Friday, April 19, 2013

Brain Damaged Woman Employs Logical Fallacies

James Tarantos at the Wall Street Journal catalogs the various logical fallacies employed by ex-Congress woman Gabrielle Giffords in the gun control fight:
Gabby Giffords Poisons the Well 
Although Giffords was unable to complete her term in Congress, she did recover sufficiently to make something of a return to public life. The "civility" campaign having long since fizzled, she got on board with the new moral panic, the one about guns.

If Alter meant it when he said he hoped Giffords would become a "referee" of public discourse--an advocate for reasoned civility--he ought to feel terribly disappointed. She has instead turned out to be a practitioner of incivility and unreason.

That's a harsh but justified appraisal of her op-ed in today's New York Times, titled "A Senate in the Gun Lobby's Grip." It's a reaction to yesterday's failure of President Obama's gun-control proposals in the Democratic Senate. Giffords's 900-word jeremiad should be included in every textbook of logic and political rhetoric, so rife is it with examples of fallacious reasoning and demagogic appeals. Let's go through them:
• The argumentum ad passiones, or appeal to emotion. She leads with this one: "Senators say they fear the N.R.A. and the gun lobby. But I think that fear must be nothing compared to the fear the first graders in Sandy Hook Elementary School felt as their lives ended in a hail of bullets. ..
• The appeal to motives. Giffords claims that the senators who voted against the measures "looked over their shoulder at the powerful, shadowy gun lobby" and "made their decision based on political fear and on cold calculations about the money of special interests like the National Rifle Association." ...
• Guilt by association. See the references to the "gun lobby" in the preceding paragraph.
• Poisoning the well. She reveals that some of the senators who voted against the amendments "have met with grieving parents" and that some "have also looked into my eyes . . . and expressed sympathy" for her and other Tucson victims. Her purpose in citing these facts is to impugn the senators' sincerity: "And still these senators decided to do nothing. Shame on them." In reality, they didn't "do nothing"; they rejected particular legislative proposals. It does not follow, and indeed it seems unlikely and is boorish to assert, that their expressions of sympathy were not heartfelt.
• Begging the question. Giffords characterizes the proposed amendments as "common-sense legislation" that "could prevent future tragedies." She also describes them as "these most benign and practical of solutions." She pretends that the central matter in dispute--whether the benefits would outweigh the costs or indeed whether the proposals would have yielded the benefits their advocates promised at all--has already been settled in her side's favor.
• The no-true-Scotsman move. "These senators have heard from their constituents--who polls show overwhelmingly favored expanding background checks," Giffords writes. She ignores the possibility that those polls are flawed and that the senators are hearing a different message from their constituents. Then she qualifies her claim of public unanimity: "I am asking every reasonable American to help me tell the truth . . ." See what she did there?
• The argumentum ad baculam, or argument from the club.
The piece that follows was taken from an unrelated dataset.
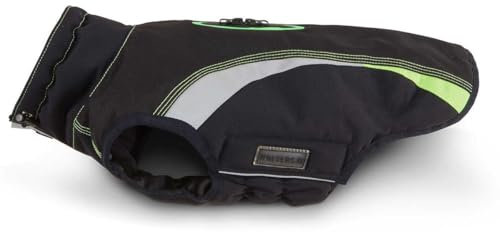 Wolters Outdoorjacke Hundemantel Xtra Strong schwarz/grau mit neon-grün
This consists in attempting to persuade by making threats. Giffords urges "mothers to stop these lawmakers at the grocery store and tell them: You've lost my vote" and in other ways for those who agree with her to work for the lawmakers' defeat--a call to action, not an argument. There is, of course, nothing objectionable about citizens in a democratic republic engaging in such action, but that goes for those on the other side as well. And it's worth recalling that the "civility" hypocrites back in the day proclaimed themselves troubled and outraged by the phenomenon of citizens confronting their elected representatives at public meetings.
• The argumentum ad miserecordiam, or appeal to pity. "Speaking is physically difficult for me," she writes. "But my feelings are clear: I'm furious." It should be obvious that this in no way speaks to the merits of the legislation or even the character of its supporters and opponents.
• The false dilemma. This is Giffords's closing gambit: "To do nothing while others are in danger is not the American way."
• The appeal to authority. That would be Giffords's own authority as a former lawmaker. "I was elected six times to represent southern Arizona, in the State Legislature and then in Congress," she writes. "I know what a complicated issue is; I know what it feels like to take a tough vote. This was neither." Perhaps her legislative experience gives her some insight into the senators' state of mind, but if so, she does not share it with readers, whom she expects to accept her conclusion unquestioningly.
To be fair, the fact that she's employing such illogical arguments has nothing to do with her brain injuries.  They've been staples in the arguments for gun control all long, in fact, they're staples in most political arguments on all sides.  I might have even employed one or two of them myself, at rare times...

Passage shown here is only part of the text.